Após o empate no Gre-Nal da Arena, o Inter será obrigado a recomeçar a sua trajetória rumo a uma posição mais digna no Campeonato Brasileiro contra um de seus mais complicados adversários dos últimos anos: a Chapecoense.
Desde que o clube do oeste catarinense ascendeu à Série A, ao final de 2013, o Inter soma apenas uma vitória em seis partidas. Ganhou justamente no primeiro encontro de Primeira Divisão, em 2014, mesma temporada na qual levou 5 a 0 na Arena Condá, com o atacante Rafael Moura fardado de Dida e sofrendo o quinto gol, em cobrança de pênalti.
Em 2016, meses antes da tragédia de Medellín, o Inter estreou a campanha que o levaria ao descenso no Brasileirão empatando em casa por 0 a 0 com a Chapecoense. Naquela partida, que marcou o último jogo de Alisson pelo Inter, Paulão teve um pênalti defendido pelo goleiro Danilo _ um dos 71 mortos na queda do voo 2933 da boliviana LaMia, em 29 de novembro. No jogo da volta, na abertura do returno, em Chapecó, os donos da casa venceram por 1 a 0.

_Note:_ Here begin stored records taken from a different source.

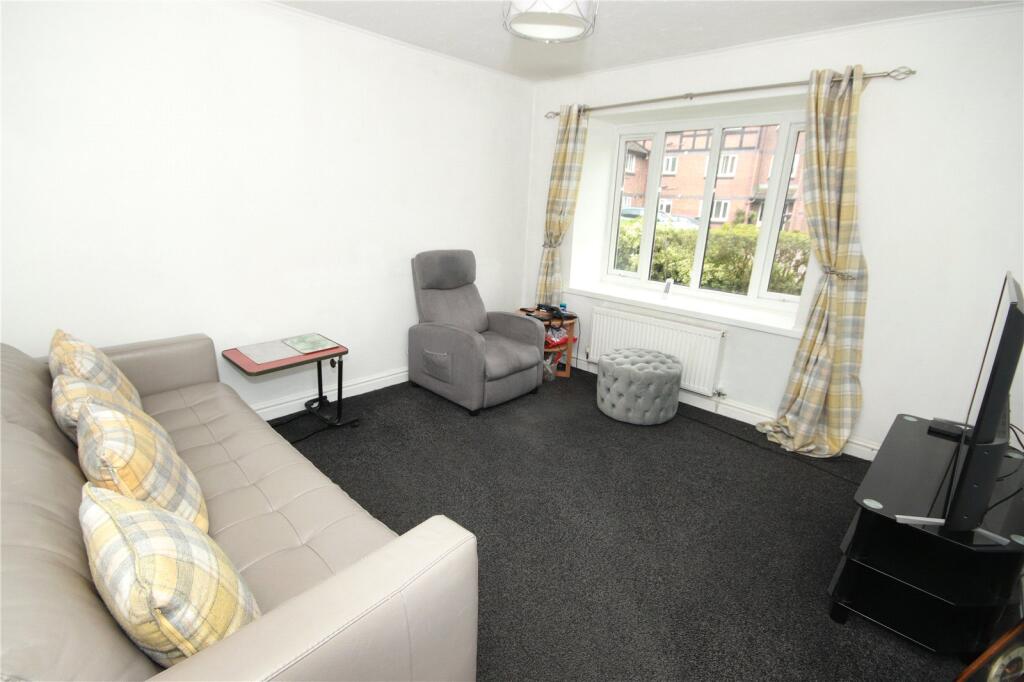 The Fieldings, Lydiate, L31 photo 3
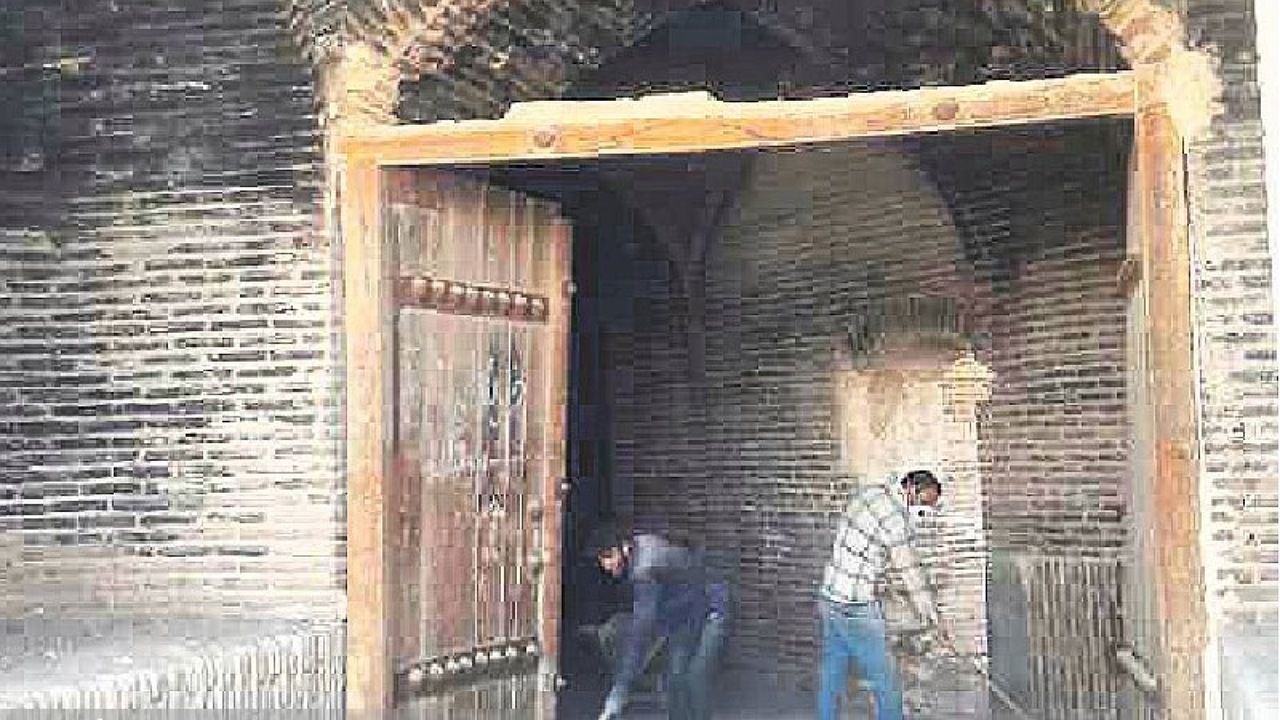 پایان مرمت کاروانسرای شیخ علی‌خان زنگنه در شاهین‌شهر و میمه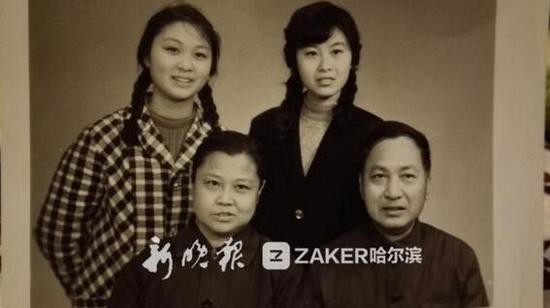 陈红和妹妹陈明及父母的合影.后排右一为陈红.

Pois é justamente contra este clube com histórico de recomeço que o Inter tentará buscar retomar a sua campanha no Brasileirão. Antes da partida dessa segunda-feira no Beira-Rio, porém, a Chape terá pela frente a disputa da vaga às quartas de final da Copa do Brasil, contra o Atlético-MG. No jogo de ida, empate em 0 a 0, em Belo Horizonte. A inédita classificação à próxima fase do torneio já vai assegurar o orçamento para o semestre dos catarinenses. No Brasileirão, a Chapecoense vem de uma surpreendente vitória por 3 a 2 sobre o líder, Flamengo.
Da reconstrução ao sonho
- A cidade estava devastada ao final de 2016.
A frase é de Rui Costa, ex-executivo de futebol do Grêmio, e que, menos de um mês depois da tragédia de Medellín foi contratado para ajudar na reconstrução da equipe da Chapecoense.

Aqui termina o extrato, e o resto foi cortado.